#### [Directions for this task]
Pictures in the data should be dropped; transcribe exactly the lines from the one that has "Ant Coloring Page" through the one that has "REDRAGON - M910-K".

#### [Entries provided]
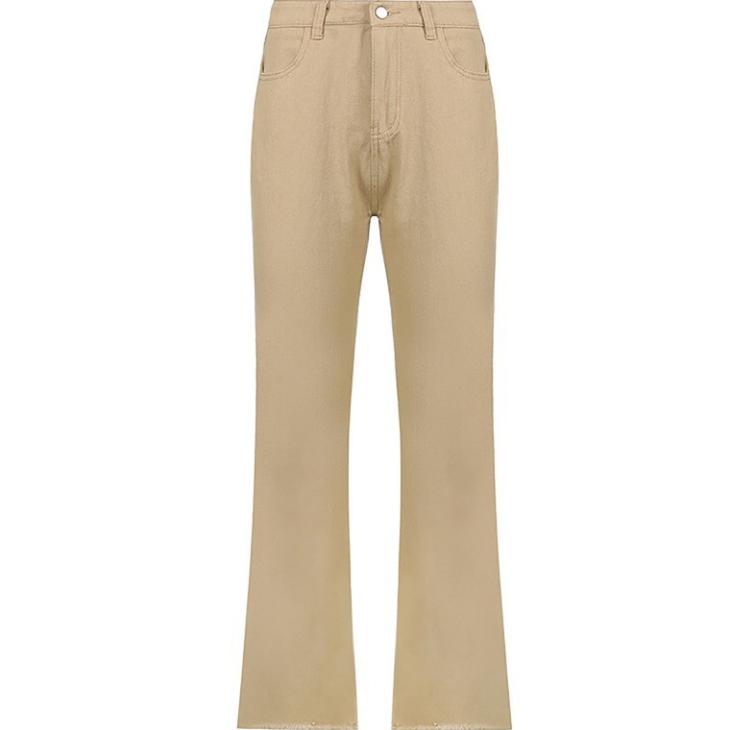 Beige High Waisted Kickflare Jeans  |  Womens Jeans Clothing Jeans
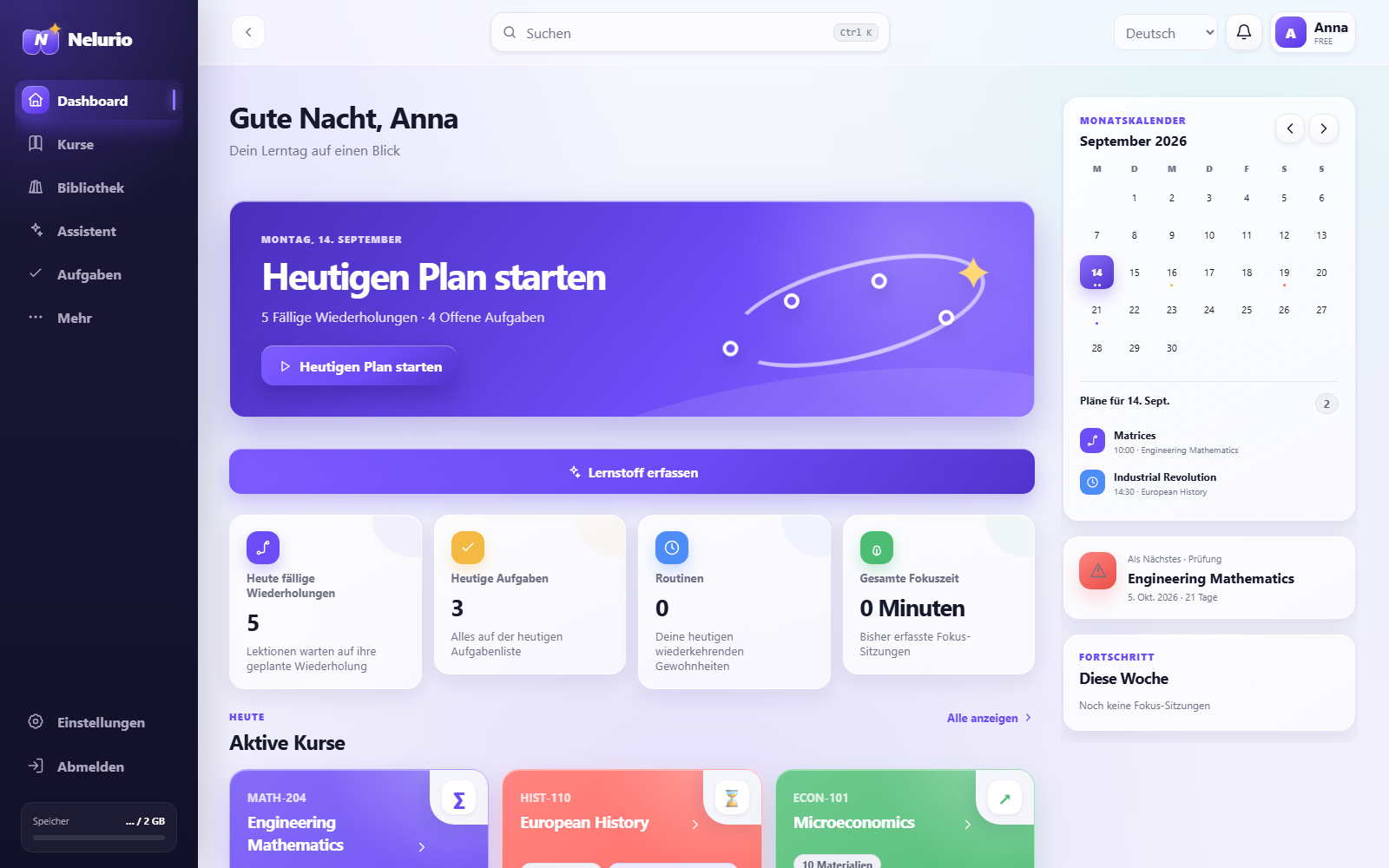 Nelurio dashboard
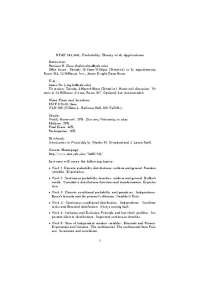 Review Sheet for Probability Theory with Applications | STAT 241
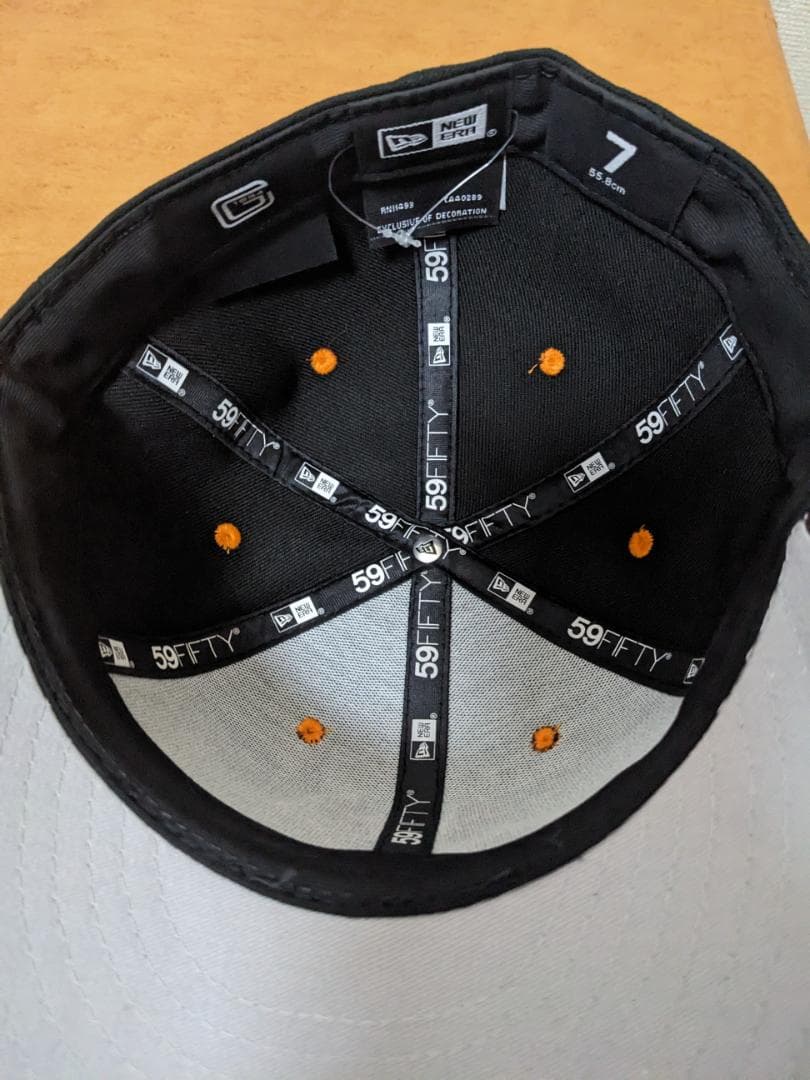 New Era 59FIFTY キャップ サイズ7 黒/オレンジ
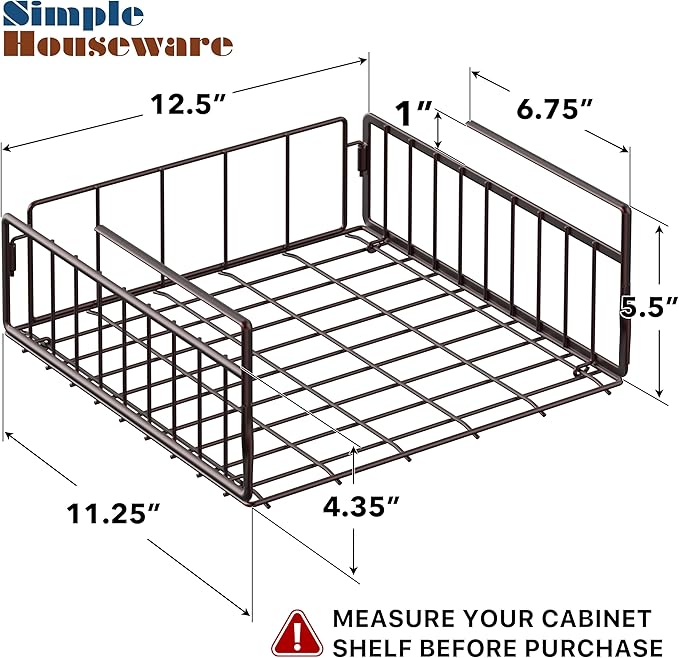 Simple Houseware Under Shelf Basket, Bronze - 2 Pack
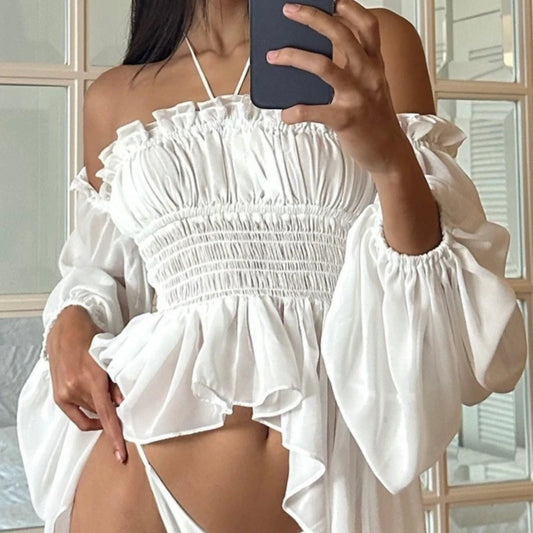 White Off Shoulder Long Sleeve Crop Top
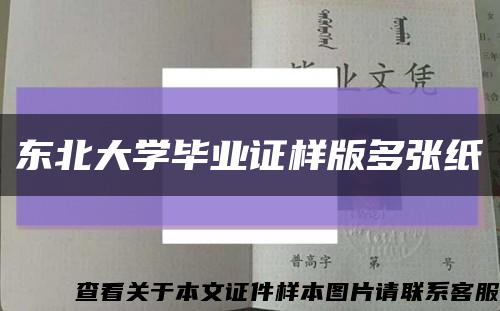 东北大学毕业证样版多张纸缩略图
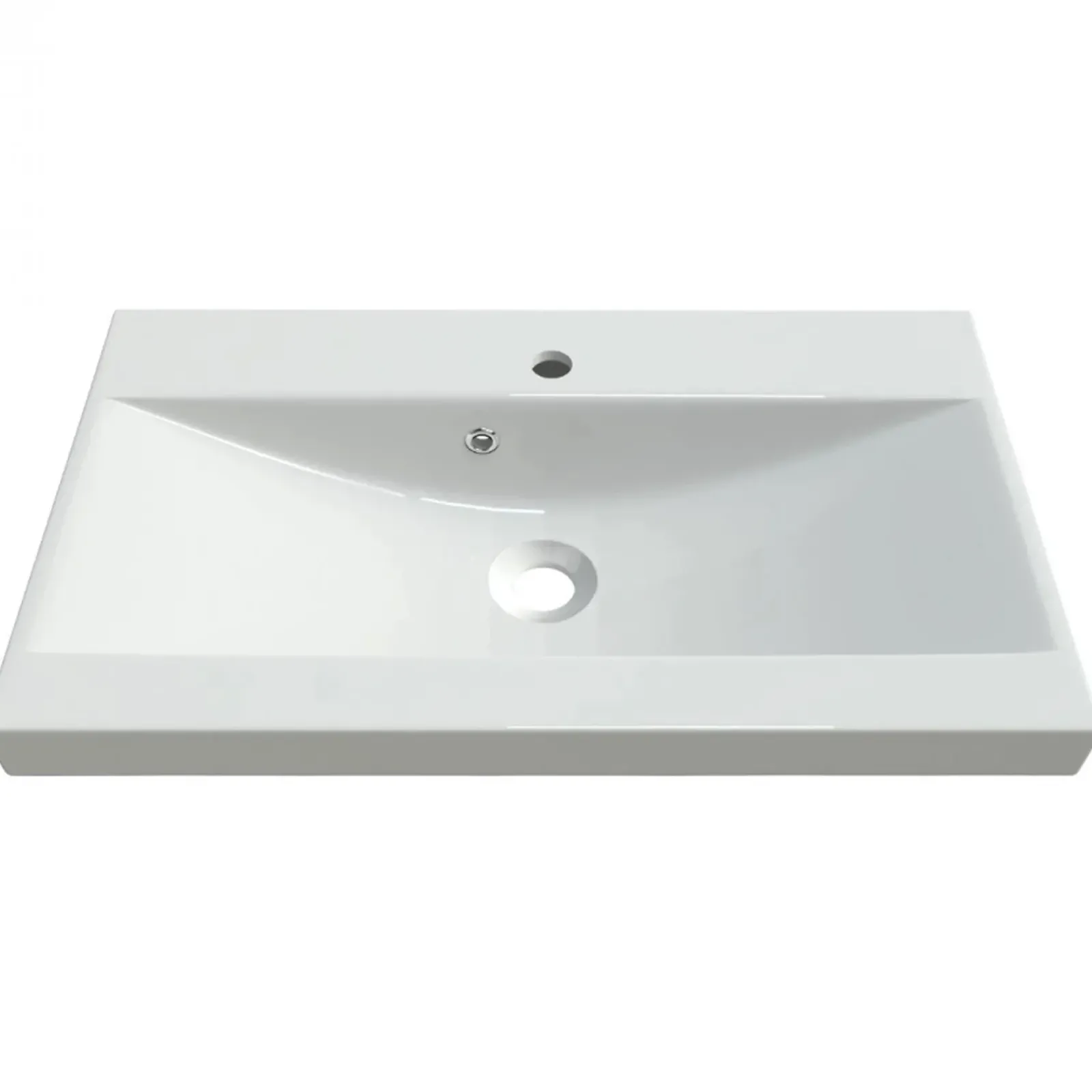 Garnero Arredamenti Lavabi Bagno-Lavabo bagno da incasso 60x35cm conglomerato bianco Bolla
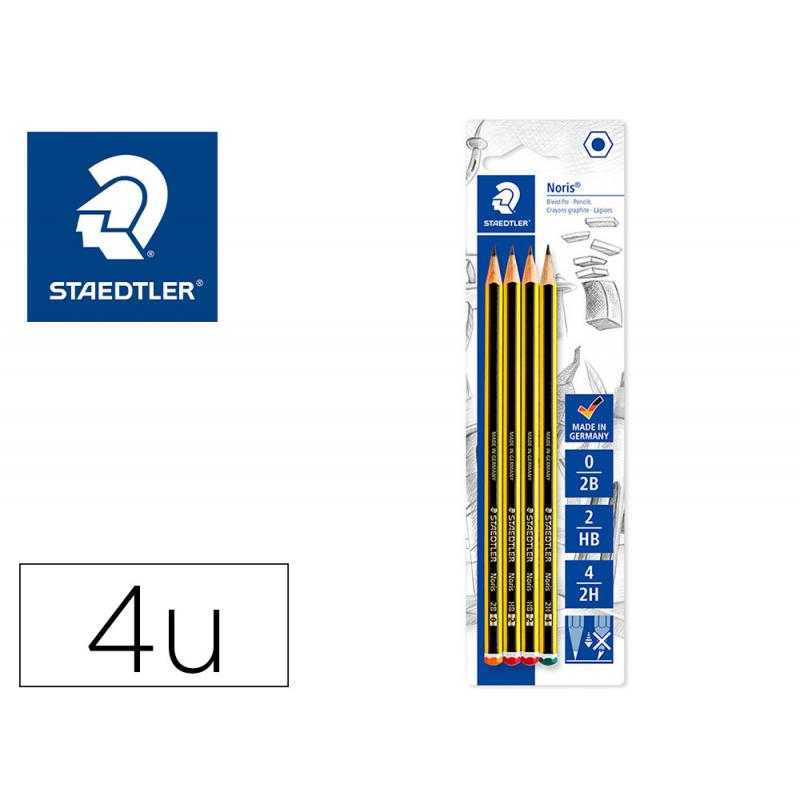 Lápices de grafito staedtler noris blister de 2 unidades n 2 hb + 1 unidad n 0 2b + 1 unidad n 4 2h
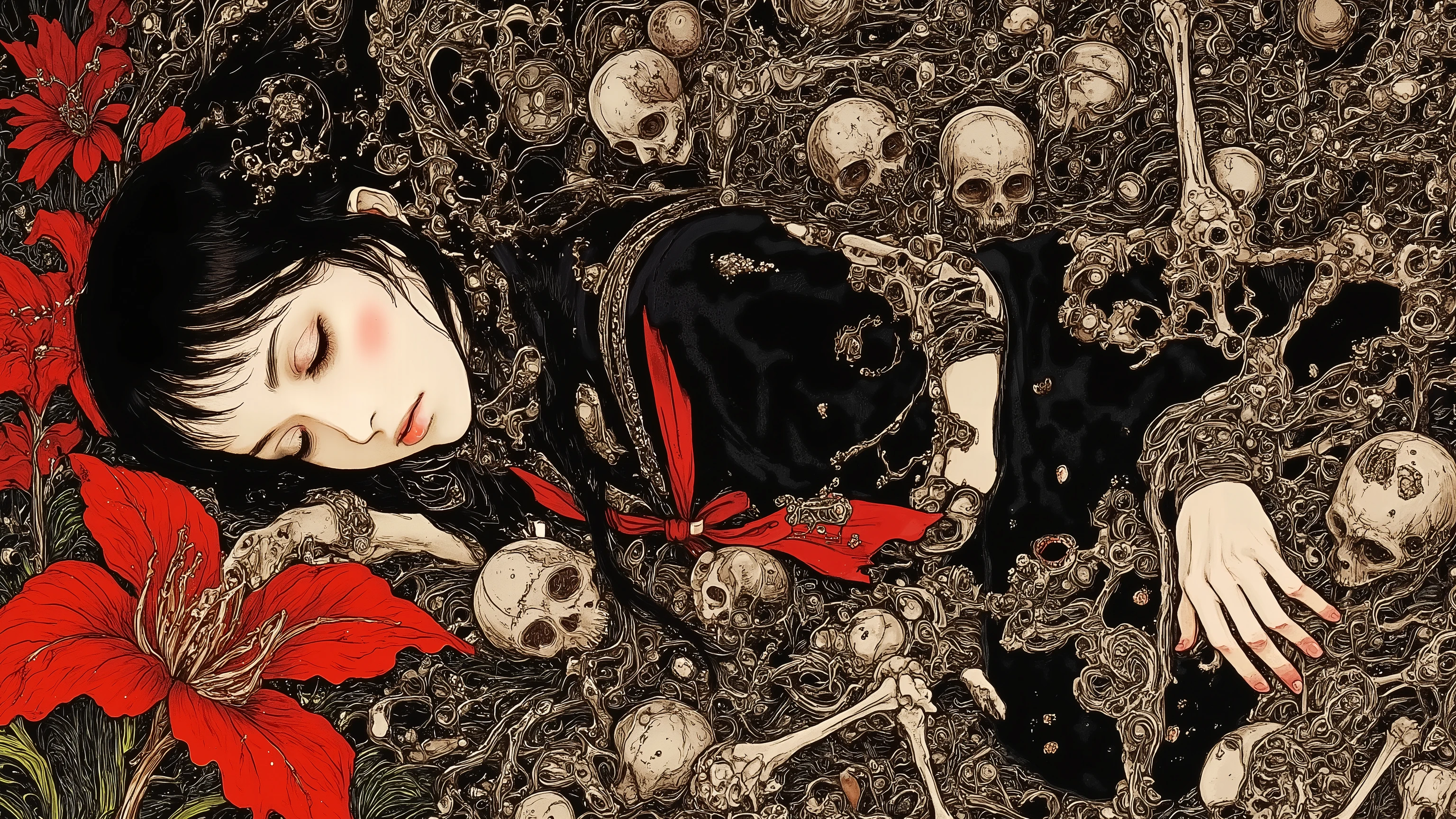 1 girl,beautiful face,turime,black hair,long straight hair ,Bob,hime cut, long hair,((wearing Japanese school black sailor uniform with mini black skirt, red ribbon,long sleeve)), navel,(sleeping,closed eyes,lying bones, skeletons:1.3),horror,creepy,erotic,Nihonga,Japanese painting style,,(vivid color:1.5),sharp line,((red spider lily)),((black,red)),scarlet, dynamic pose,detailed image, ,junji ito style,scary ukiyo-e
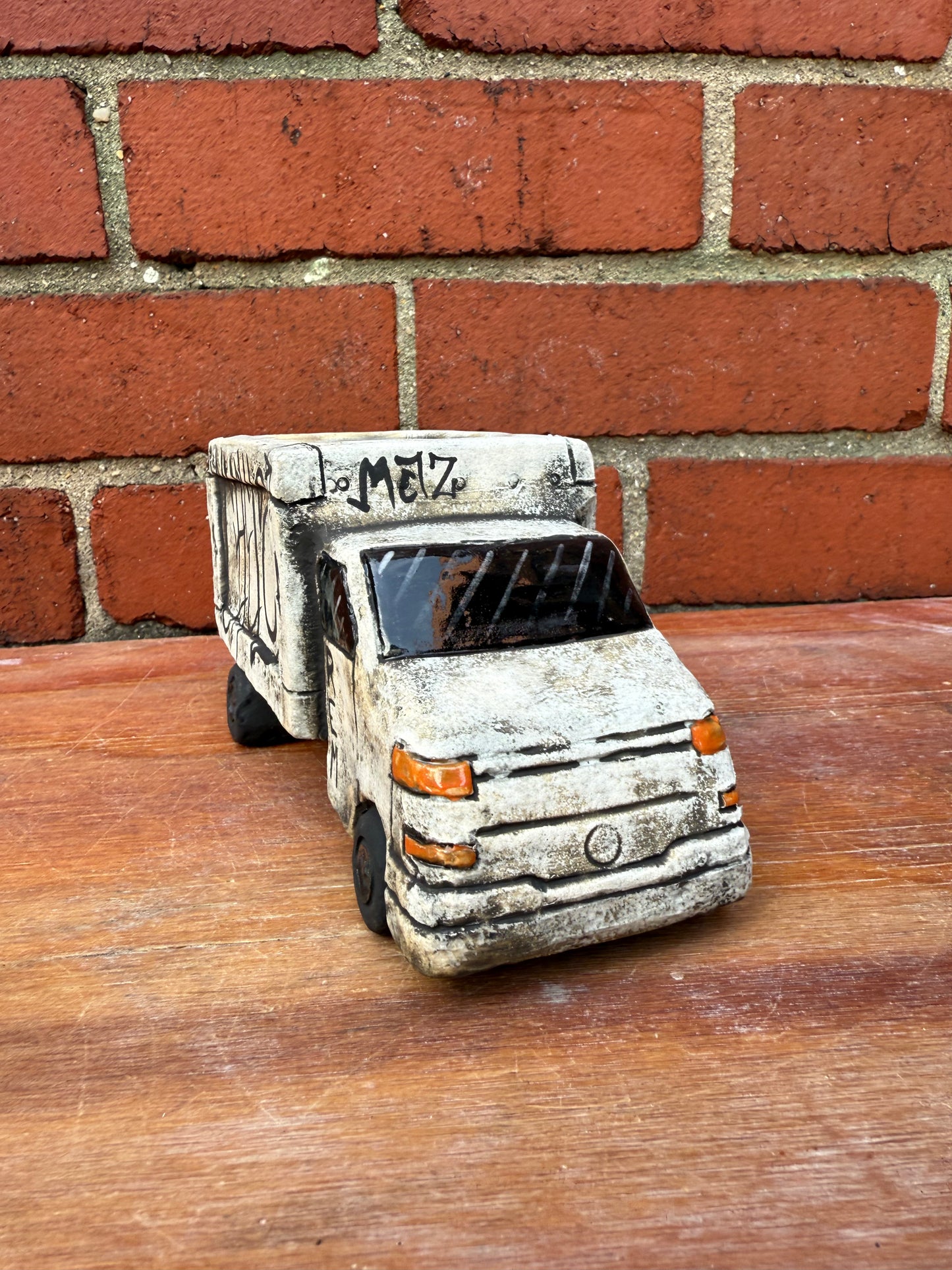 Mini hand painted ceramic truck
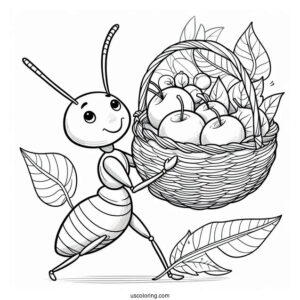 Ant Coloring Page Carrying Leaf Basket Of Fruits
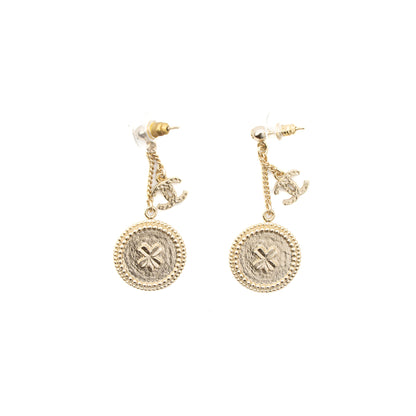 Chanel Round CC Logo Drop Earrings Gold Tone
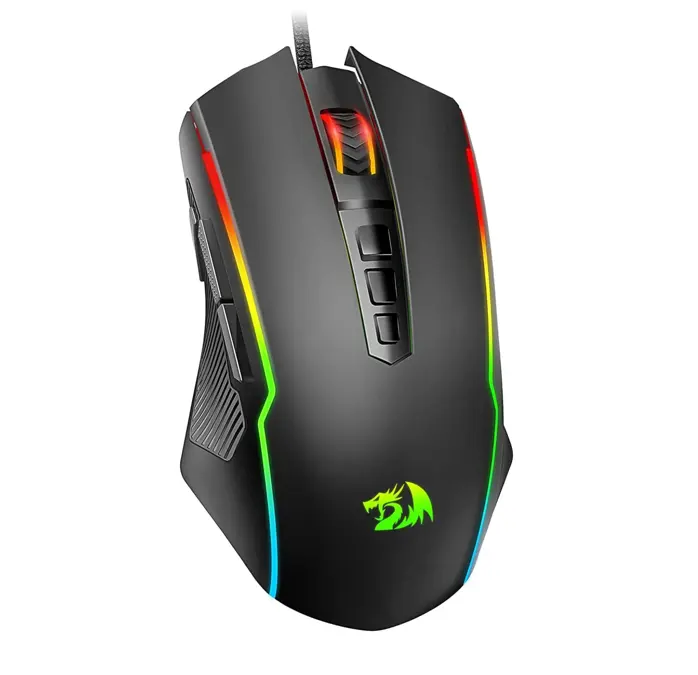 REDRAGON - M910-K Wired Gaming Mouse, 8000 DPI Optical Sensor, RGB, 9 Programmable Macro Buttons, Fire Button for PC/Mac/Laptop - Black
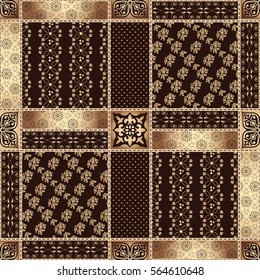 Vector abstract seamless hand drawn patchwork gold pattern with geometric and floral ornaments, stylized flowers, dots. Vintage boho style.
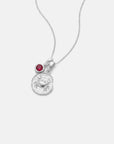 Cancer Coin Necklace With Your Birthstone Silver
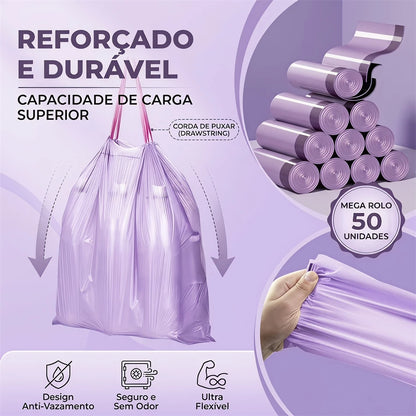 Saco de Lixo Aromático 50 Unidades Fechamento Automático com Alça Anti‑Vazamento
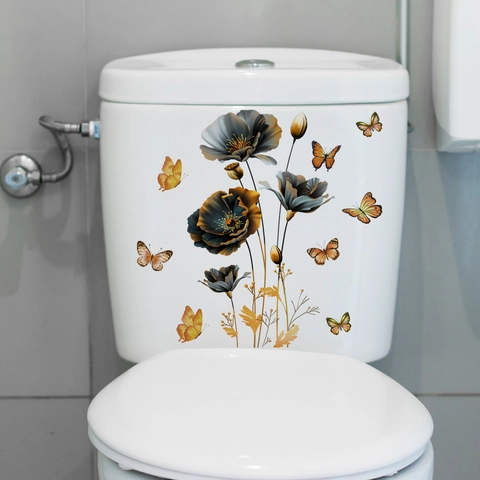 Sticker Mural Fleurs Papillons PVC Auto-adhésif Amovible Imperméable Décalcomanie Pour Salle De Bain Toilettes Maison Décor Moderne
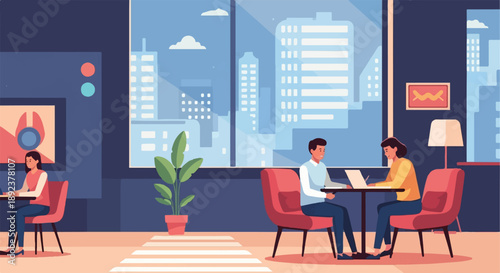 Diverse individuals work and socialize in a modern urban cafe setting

#### [Result of the task]
 Ant Coloring Page Carrying Leaf Basket Of Fruits
 Chanel Round CC Logo Drop Earrings Gold Tone
 REDRAGON - M910-K Wired Gaming Mouse, 8000 DPI Optical Sensor, RGB, 9 Programmable Macro Buttons, Fire Button for PC/Mac/Laptop - Black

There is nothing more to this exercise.